**EXERCISE DATA**
※

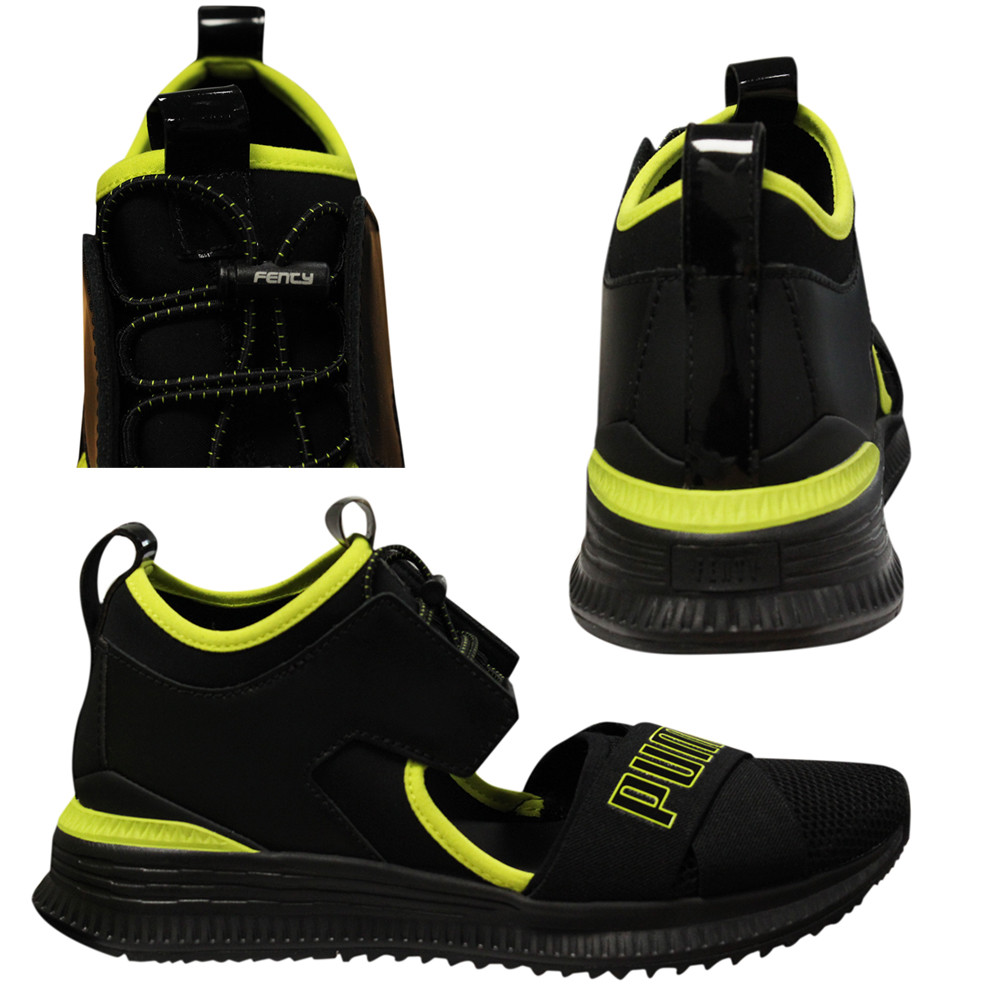 puma rihanna fenty homme gris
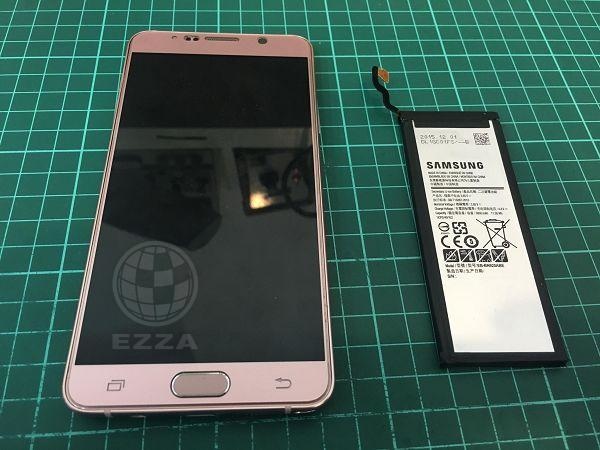 三星Note5更換電池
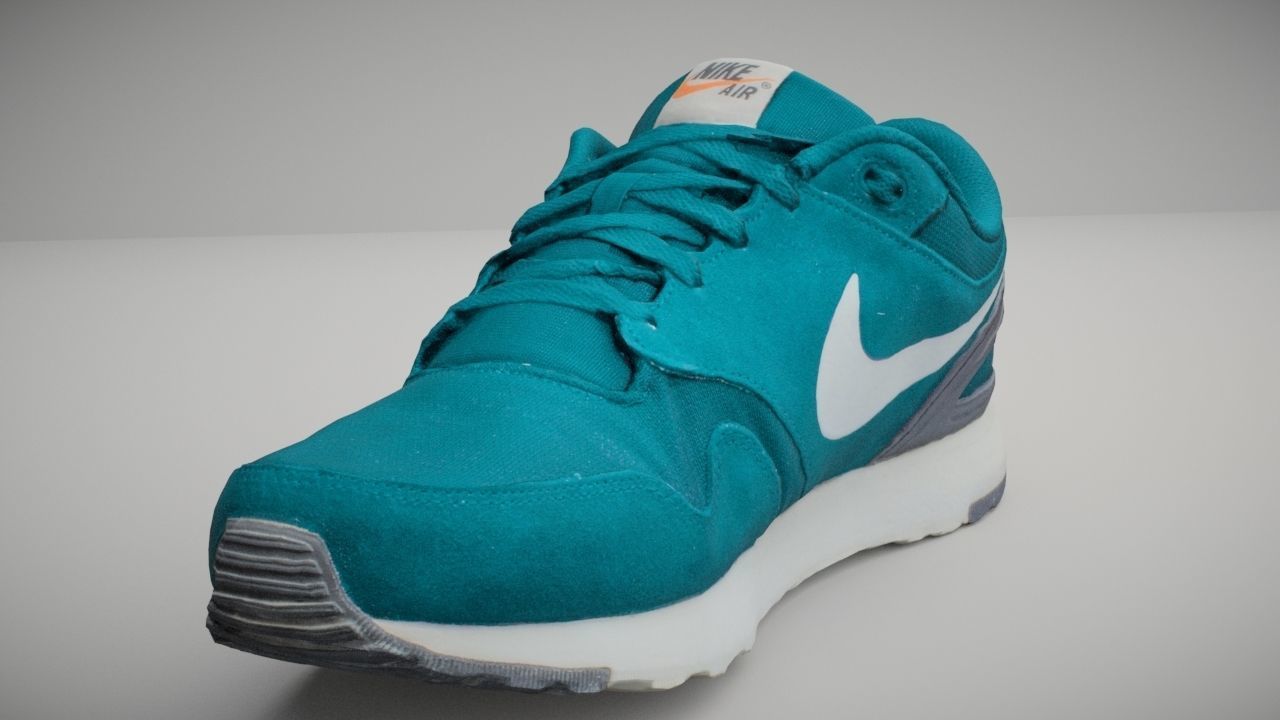 Nike shoe low poly 3D model Low-poly 3D model_1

※

Make an exact copy of the data above, pictures excluded.

 puma rihanna fenty homme gris
 三星Note5更換電池
 Nike shoe low poly 3D model Low-poly 3D model_1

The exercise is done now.